St Andrews is worth a visit. It’s about 40 minutes – an hours drive away depending on the traffic. The Botanic Garden is 90% accessible, with various changing trails. You might spot a celebrity at the famous Old Course right next to the beach.
Another beach in Fife is Silver Sands Beach at Aberdour – about 30 mins drive. This has also won clean beach awards. It’s a small but pretty beach. You turn off at Junction 1 just before the Forth Rd Bridge and follow the signs to Aberdour, then the beach. Wheelchair access there too.

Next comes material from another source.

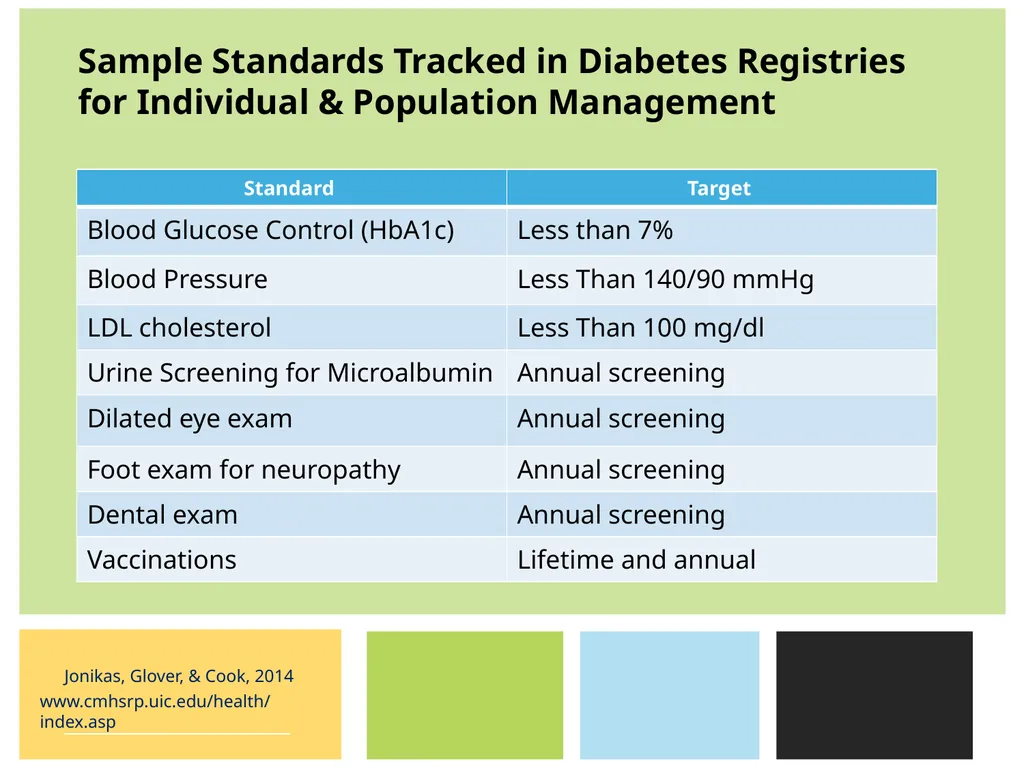 Implementing a Diabetes Registry and Care - slide 9 of 35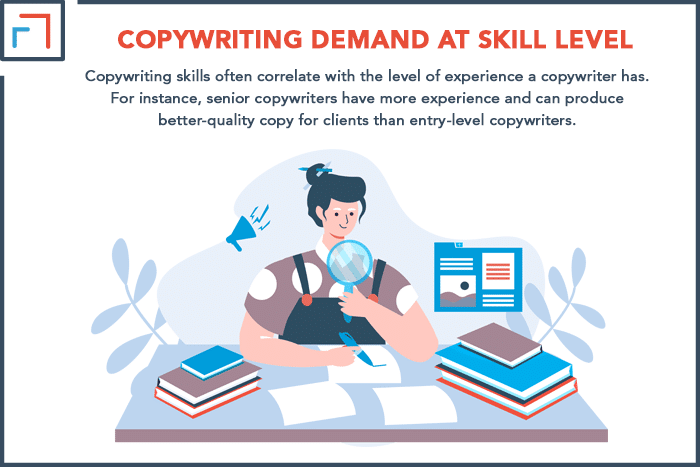Copywriting Demand At Skill Level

Deep Sea World, North Queensferry, beside the Forth Rail Bridge. Fully accessible for wheelchair users, including toilet facilities. Also free disabled car parking spaces.
For any specific queries tel 01383 411 880.
Verdant Works Jute Mill, Dundee is mostly accessible – there is a cobbled courtyard outside – inside the museum there are ramps. The sister attraction RRS Discovery is only partially accessible: Some parts of the old ship are only accessible by narrow stairs. The exhibition and museum galleries are all on one level though and the main deck of the ship.
Bo’ness and Kinneil Railway – Scotland’s largest railway museum, 40 mins drive away, just over the Forth Road Bridge. You can have Afternoon Tea on board a steam train, and throughout the year there is a Day out with Thomas event but tickets go quickly so book early. Disabled parking, access to station platform, toilets, cafe, shop and model railway. Museum is not fully accessible. Phone 01506 822298.
Blair Drummond Safari Park – Near Stirling, 45 minutes by car. More than a safari park – there’s an adventure park, drive through reserve and lots of other activities. Tel 01786 841456
There are disabled toilets and ramps to the viewing areas. Wheelchair hire is available (phone 01786 841430). There is also a Changing Places building, with a spacious adult changing facility, including variable height benches, wash basin and accessibility hoists, shower and toilet. There is also ample baby changing areas.
There is no wheelchair access on the safari boats.
Edinburgh Castle – an hours drive away. One of my favourite childhood haunts back in the dark ages when there was free admission!
Holyrood Palace – just a hop skip and a jump down the Royal Mile from the castle is Holyrood Palace – mostly accessible.
Our Dynamic Earth – a fabulous place to visit – spend all day here. It’s down near Holyrood Palace and it’s fully accessible.
Don’t miss this. I keep going back for more. Near to the Royal Mile.
Royal Botanic Garden Edinburgh – Lots of accessible paths around the gardens and inside the exhibition centre
Riverside Museum – home to the Transport Museum – even if you think you’re not that interested in transport, you’ll be fascinated by this collection of all modes of transport. FREE entry.
Glasgow Science Centre – right next door to the Transport Museum and a great day out – check ticket prices – there is a charge.